**What the task requires:** Find the line that contains "Cecil, Pennsylvania 15317, United" in the records below, then repeat exactly that line and each one after it, leaving pictures out.

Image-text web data
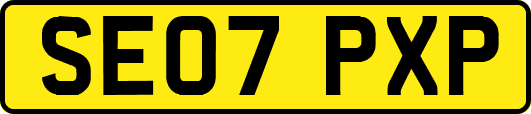 SE07PXP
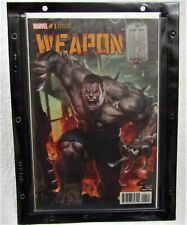 Marvel Weapon H #1 Variant Edition Hulk Comic Book 00121 picture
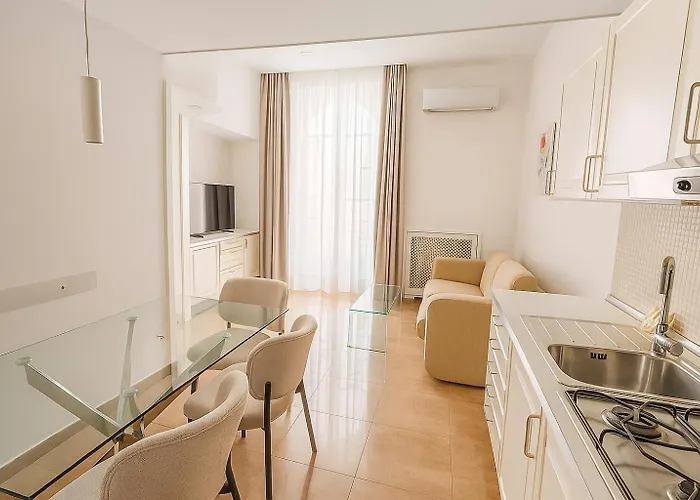 Sanfelice 33 Luxury Suites Napoli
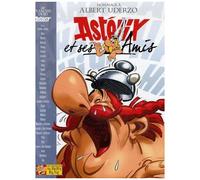 Astérix Et Ses Amis - Hommage À Albert Uderzo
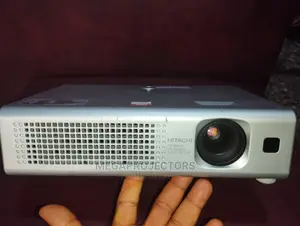 Sharp Hitachi Projector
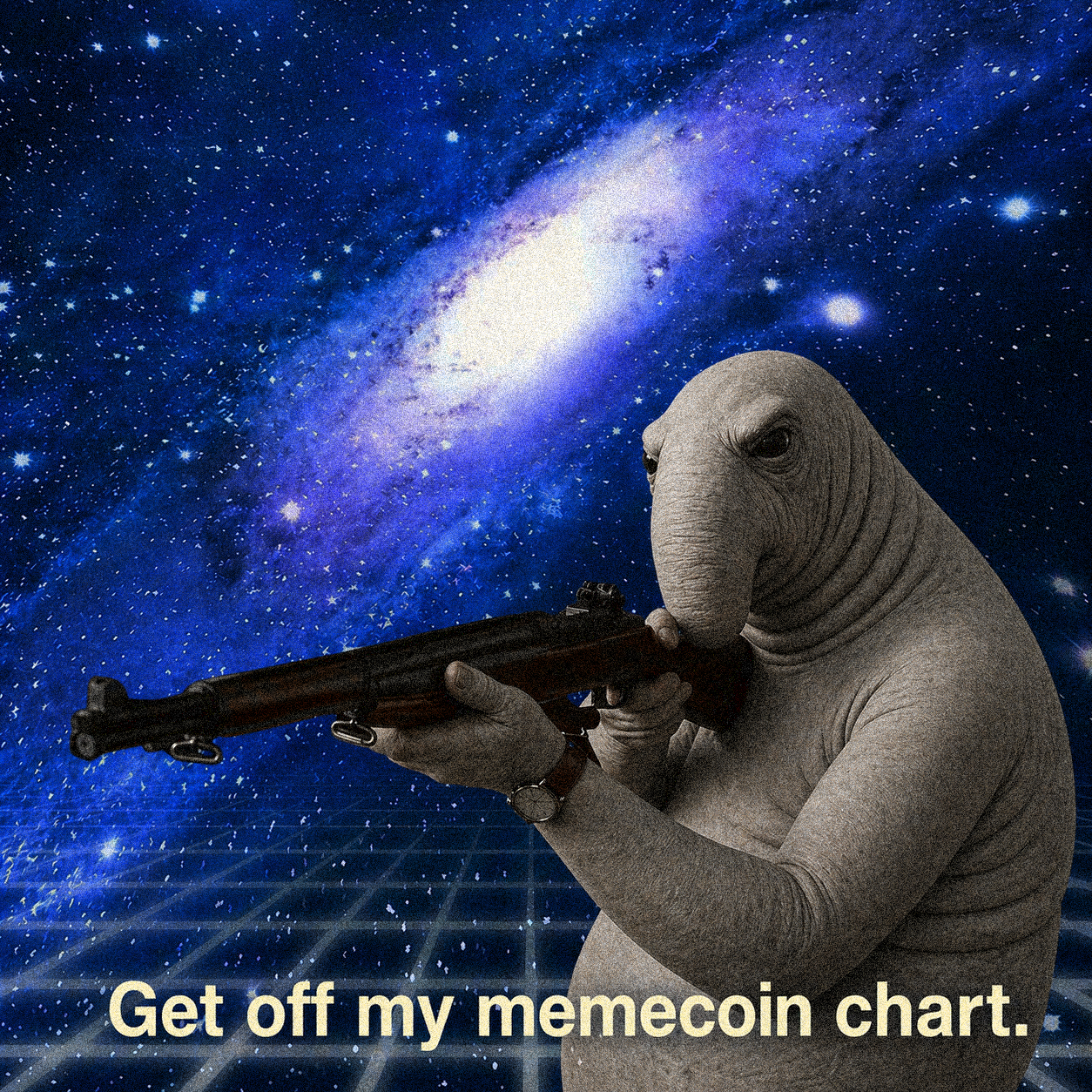 blob
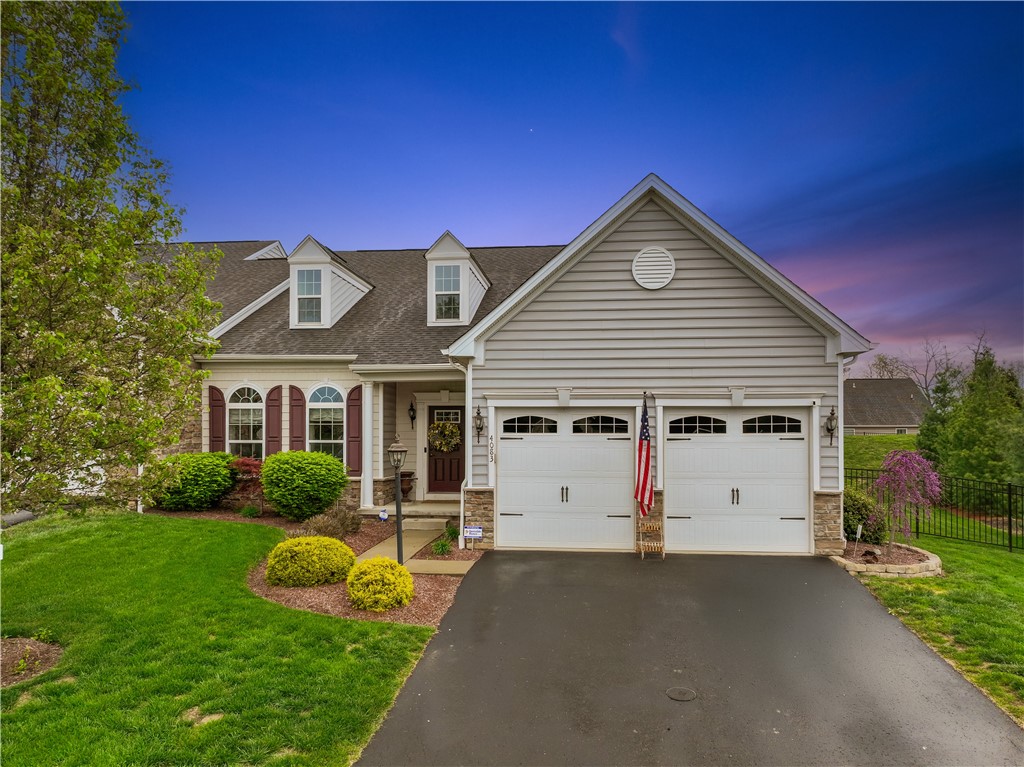 Cecil, Pennsylvania 15317, United States, 4 Bedrooms Bedrooms, ,4 BathroomsBathrooms,Residential,Contingent,125055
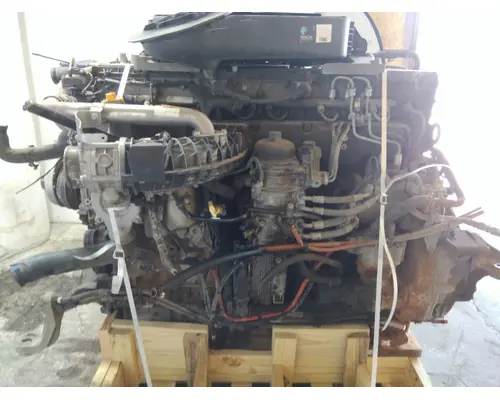 DETROIT DD15 (472906) ENGINE ASSEMBLY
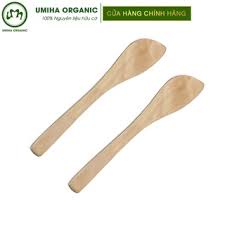 Que Gỗ Tiệt Trùng UMIHA 16cm Dùng Để Wax Lông, Tẩy Lông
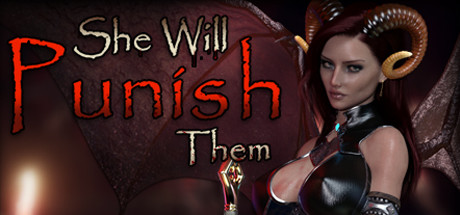 She Will Punish Them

**Written response:**
 Cecil, Pennsylvania 15317, United States, 4 Bedrooms Bedrooms, ,4 BathroomsBathrooms,Residential,Contingent,125055
 DETROIT DD15 (472906) ENGINE ASSEMBLY
 Que Gỗ Tiệt Trùng UMIHA 16cm Dùng Để Wax Lông, Tẩy Lông
 She Will Punish Them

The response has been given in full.